Since I do not have real acrylic drill bits and I am also still lacking the press drill, I had to do this hard way. To minimize risk of trashing my precious acrylic, I first made starting points for holes with a spike:

I drilled the holes in three phases, starting with 1.5mm bit and then proceeding with 2mm and 2.5mm ones. I reasoned that this would lessen the chances of chipping the sheets compared to going with the biggest bit at once. And at least it didn’t fail me, since I have nice holes here (and unsharp pic, but I’m too tired not to set up the tripod):

These holes are not big enough for M4 screws I plan to use, but they should not be since I will later make threads for the screws. So I threw in some M3 screws and bolts for now:

Next I will cut tracks for the tray supports and the supports themselves. But first some sleep.

Scetching connector covers

Filed under: C case — @ 5:47

As you might now, my plan is to use black round DIN connectors for connecting visible wires. The male one is ok, since it’s about the same thickness as the tubing that covers the wires, but the female one has to be covered, since it’s in most of the cases of variety that gets screwed into plate and thus has inproper looks.

I have plenty of visions about how to cover the joint between two pieces of wires, and now that I came up with something that might actually work, I made a prototype. The quality of the finish and the photos are low, but it’s a prototype, remember.

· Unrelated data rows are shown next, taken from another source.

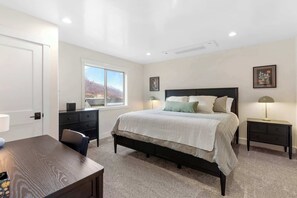 4 bedrooms, desk, iron/ironing board, travel cot
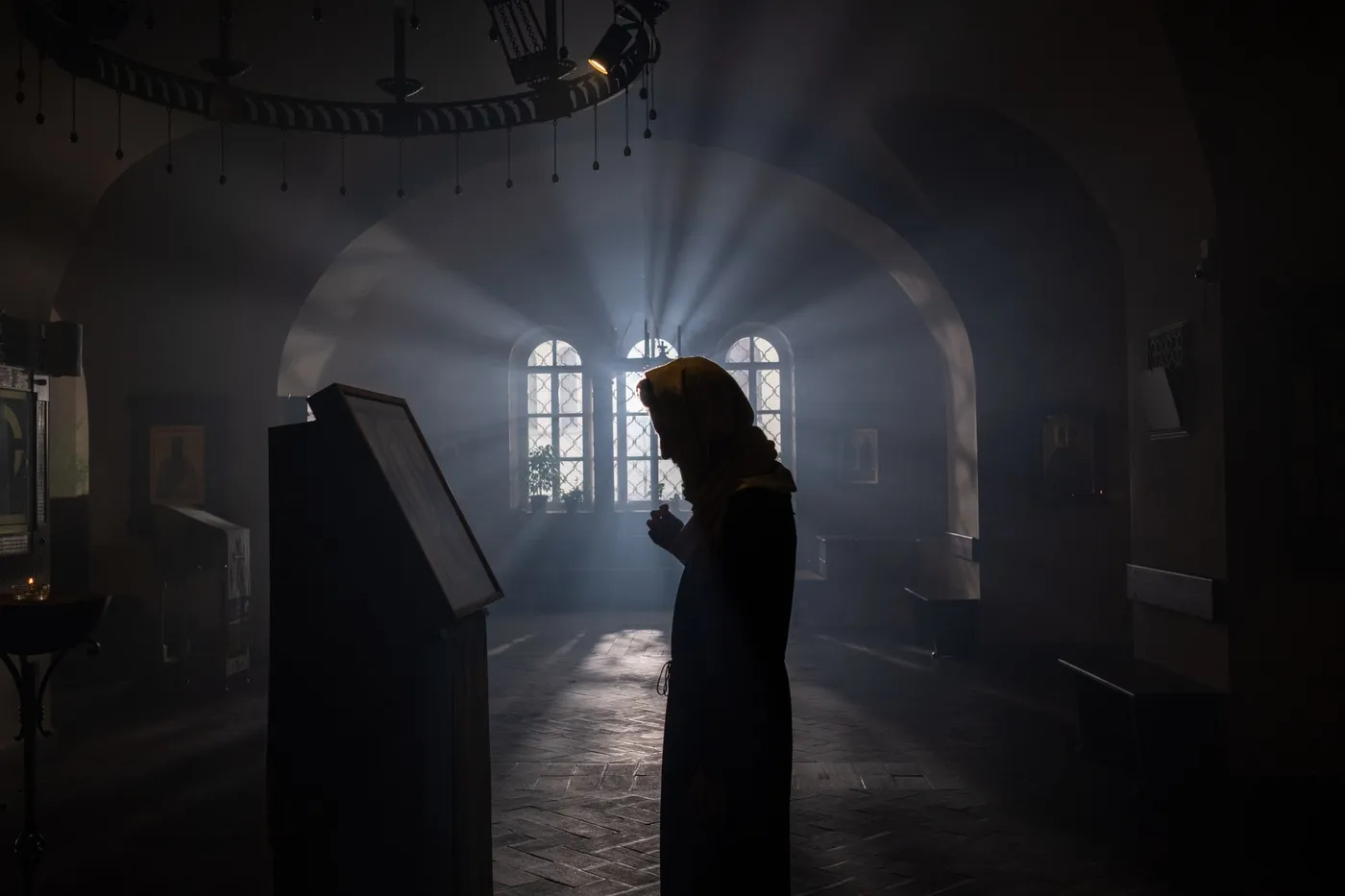 A woman praying quietly inside an Orthodox church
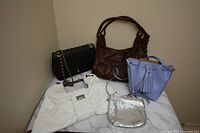 Lot of five purses arranged on a marble surface including the black quilted purse, brown shoulder bag, lavender bucket purse, white J.Crew purse, and silver shimmery purse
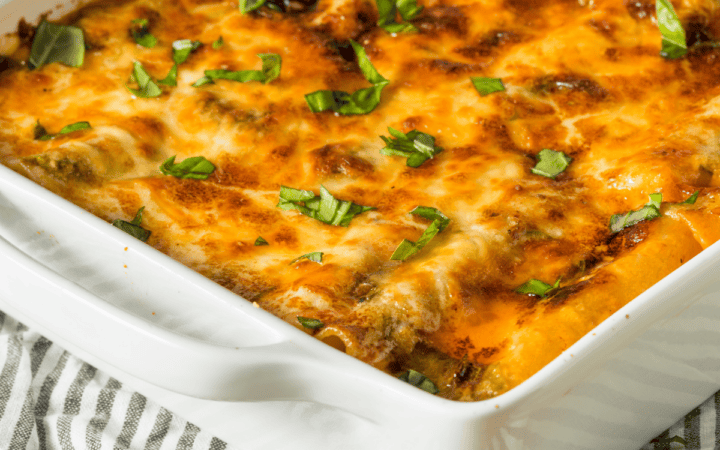 Chicken lasagna in a white baking dish on a striped cloth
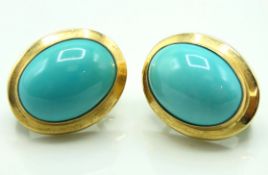 A pair of yellow metal earrings set with turquoise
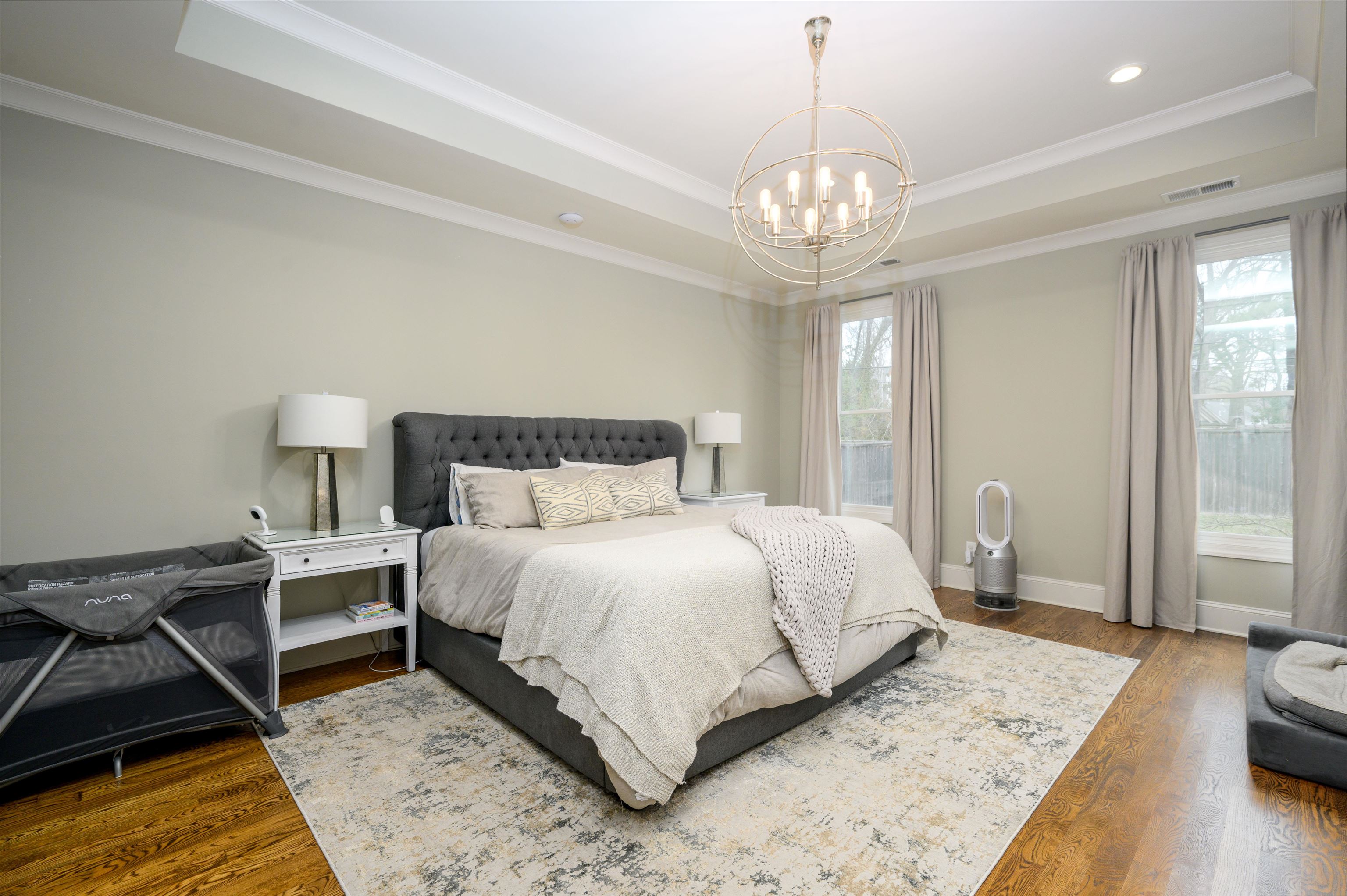 4980 Cole Road Memphis, TN 38117 - Photo 13 of 25 a bedroom with a bed and a chandelier
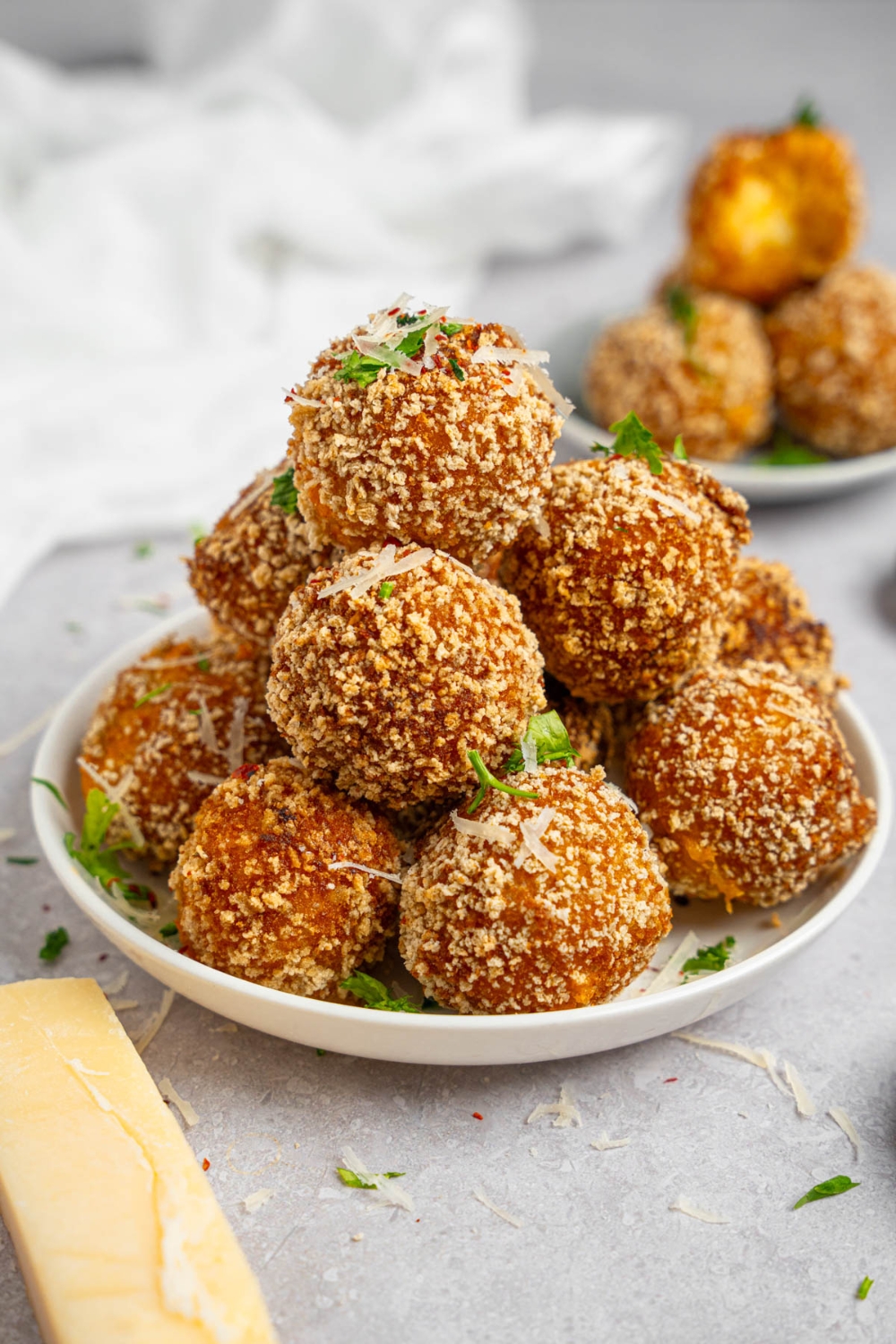 A pile of cheesy mashed potato balls served on a white plate garnished with fresh parsley and cheese. The plate is on a white counter with an additional plate of mashed potato balls.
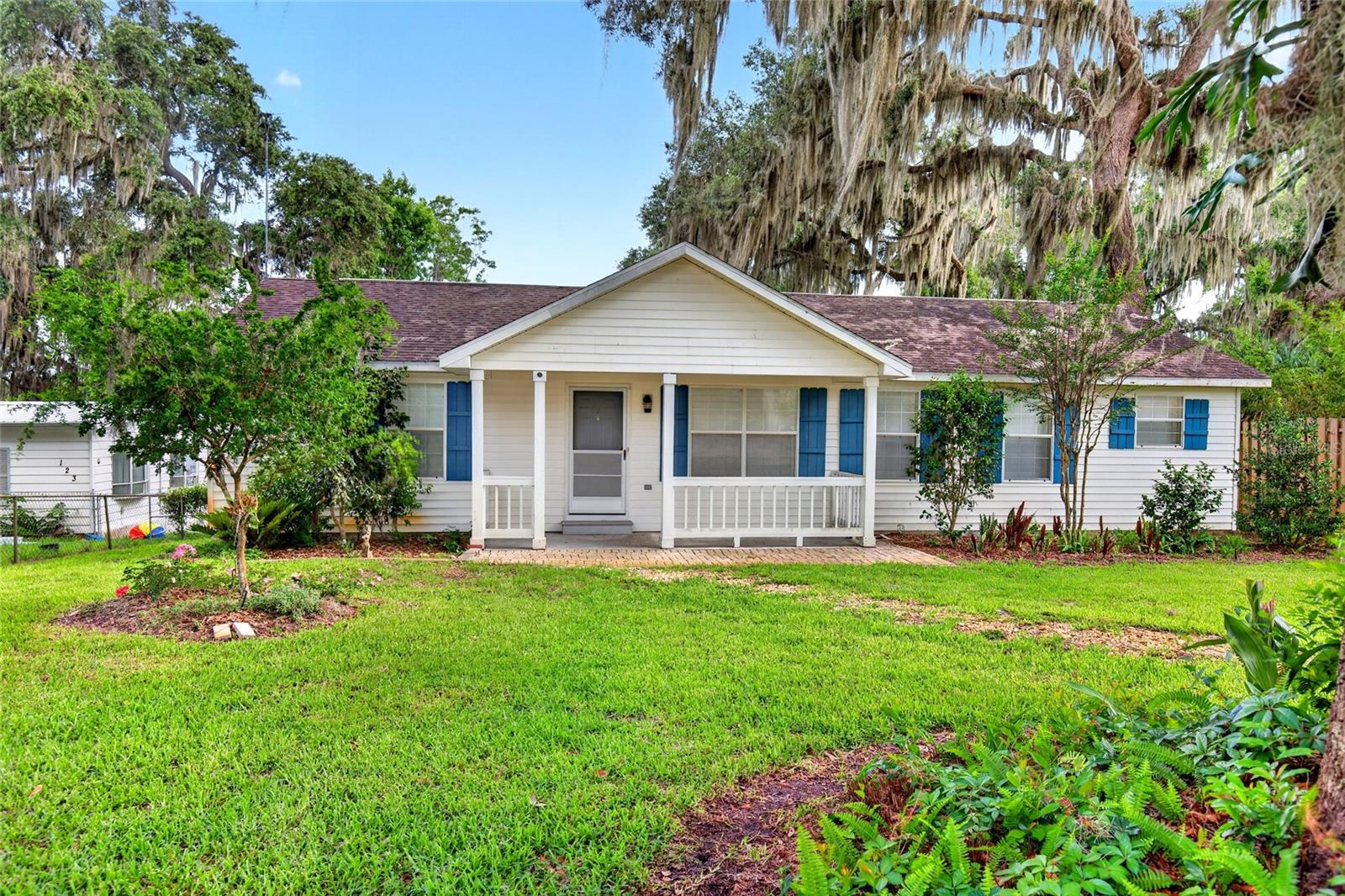 Escape to peaceful lakefront living in this beautifully maintained 3-bedroom, 2-bathroom home nestled along the shores of Little Orange Lake in Hawthorne. Offering the perfect blend of privacy , functionality, and outdoor enjoyment. From the moment you arrive, you'll be welcomed by a charming covered front porch, mature landscaping, and a majestic oak tree that creates incredible curb appeal. The fully fenced property is thoughtfully designed and includes an irrigation system, whole-house water filtration system, and two above-ground planter boxes. There is also two storage sheds on the property for all your gardening, hobby, and storage needs. Inside, the split-bedroom floor plan provides privacy and comfort. The spacious primary suite features a large bathroom complete with a soaking tub, separate walk-in shower, and abundant storage. The galley-style kitchen offers plenty of cabinetry and countertop space, along with a cozy dining area perfect for everyday meals. Outdoor living takes center stage with a screened lanai, expansive deck constructed of marine-grade wood, and a long private dock stretching into Little Orange Lake. Perfect for fishing, boating, wildlife, or simply taking in breathtaking waterfront views. Little Orange Lake is part of the larger Orange Creek Basin watershed with canal connections to Holdens Pond and Moss Lee Lake, offering exceptional opportunities for recreation and exploration. This property is conveniently located approximately 30 minutes from Gainesville and under an hour from Ocala, making it an ideal retreat without sacrificing access to shopping, dining, and everyday conveniences. Whether you're searching for a full-time residence, weekend getaway, or lakefront retreat, this property delivers the Florida lifestyle you've been dreaming of. Schedule your private showing today!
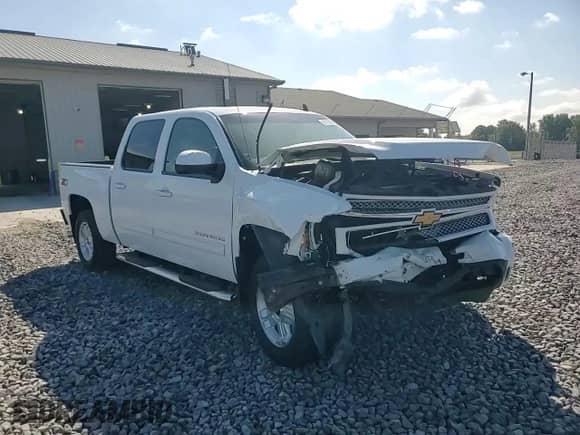 2012 Chevrolet Silverado 1500 LTZ with VIN 1GCPKTE71CF122304, listed as a Copart auction lot 85088215 with 217,510 mi miles and Salvage title. Bid and sale history available at DreamBid. Image 13.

After spending best part of the evening with pen, paper, dremel-clone, needle-file and various sandpapers, here is what I have:

And the same in UV light:

Neither of the plastics are UV reactive per se, but as you can see, they still light up and look quite good, in fact, at least in reality.

Here is a quick image manipulation of how it would look like with the covered wire and if there was four of the vertical decorations:

Might work, but got to think about it. And if I go for this, I will want to have at least 6 “teeth” per cylinder. I also would like to have some more colorful plexiglass there. Maybe some bright UV reactive color for the “teeth” and smoky cover for the cylinder.. let’s see.